Jonathan Lethem, Roy Edward Disney ’51 professor of creative writing and professor of English, has been awarded a Guggenheim Fellowship in fiction, one of the world’s most prestigious honors for scholars in the arts and humanities.
The 100th class of Guggenheim Fellows included nearly 200 distinguished individuals working across 53 disciplines. The grants let recipients pursue independent work at the highest level under “the freest possible conditions,” according to the Guggenheim Foundation.
There were approximately 3,500 applicants in this latest cycle, and honorees were selected for both prior career achievements and exceptional promise.
Past Guggenheim Fellows with ties to Pomona College include President G. Gabrielle Starr, Nobel Prize winner Jennifer Doudna ’85, former Professor of Art Sandeep Mukherjee and Mowry Baden ’58.
“A lot of my personal idols—not just in writing, but in music composition, the visual arts, writing and poetry and nonfiction—have been Guggenheim recipients,” Lethem says. “It’s a really special feeling to be gathered up into that company.”
The Guggenheim Fellowship will give Lethem the opportunity to revisit the backdrop of two of his finest works, Fortress of Solitude (2003) and Brooklyn Crime Novel (2023). With both novels set in 1970s-1990s Brooklyn, Lethem explores urban histories, gentrification, race and civil rights in America.
Released 20 years apart, Lethem says the novels represent two of the most important things he’s spent time on, and while he never envisioned writing a literary trilogy, this untitled Guggenheim project could culminate his legacy material as such.
“If this third book is worthy of the first two,” he says, “what I hope it will do is culminate a massive, very slow-motion trilogy written over a period of four decades.”
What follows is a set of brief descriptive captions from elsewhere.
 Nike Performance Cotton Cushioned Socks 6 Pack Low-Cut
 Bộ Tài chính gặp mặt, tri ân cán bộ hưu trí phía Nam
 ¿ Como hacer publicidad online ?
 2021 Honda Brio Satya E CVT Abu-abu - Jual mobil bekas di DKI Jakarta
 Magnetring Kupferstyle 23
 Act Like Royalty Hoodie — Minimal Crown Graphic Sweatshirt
Lethem first applied to be a Guggenheim Fellow in his 30s, before he moved to Claremont and started teaching at Pomona College. He applied for the award at least two additional times to no success, though he did receive the prestigious MacArthur Fellowship in 2005.
While loathe to speculate on why the Guggenheim Foundation awarded him three decades after his first try, “Maybe they looked at me now and saw someone who not only can propose big things but has pulled some off,” he says.
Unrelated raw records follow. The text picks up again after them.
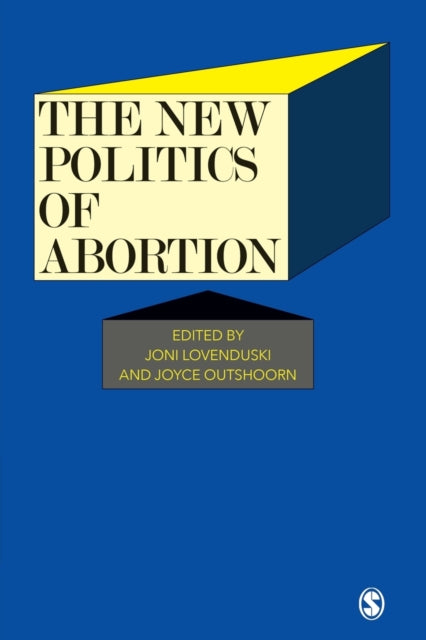 Book cover of: New Politics of Abortion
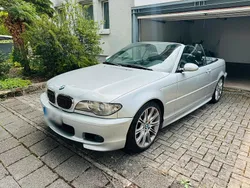 Silber Gebraucht 2003 BMW 330 Cabriolet Cabrio | 16.800 € (Etwas zu teuer)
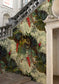 Tropical Clouded Leopard Superwide Wallpaper - Vanilla - Timorous Beasties - DWN/TCLO/OBRN/01 - Premier Wallcovering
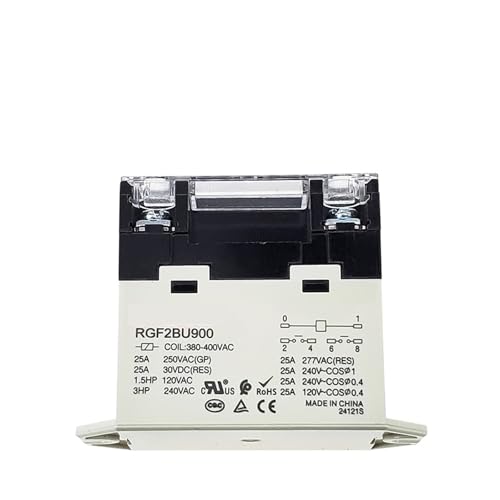 1PC Shenler Small high power relay RGF2BU900 380VAC 1PC Shenler Small high power relay RGF2BU900 380VAC von WJZJSVWTAU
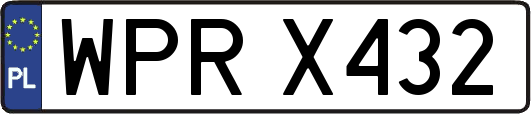 WPRX432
As early as he is in the development process, Lethem can only say the Guggenheim project will be large thematically and emotionally, and perhaps the longest novel he’s ever written.
“What’s so marvelous about the Guggenheim support,” he says, “is it encourages me to stay in that pure relation where I’m not beholden to any external timetable but just the logic and necessities of the writing plan.”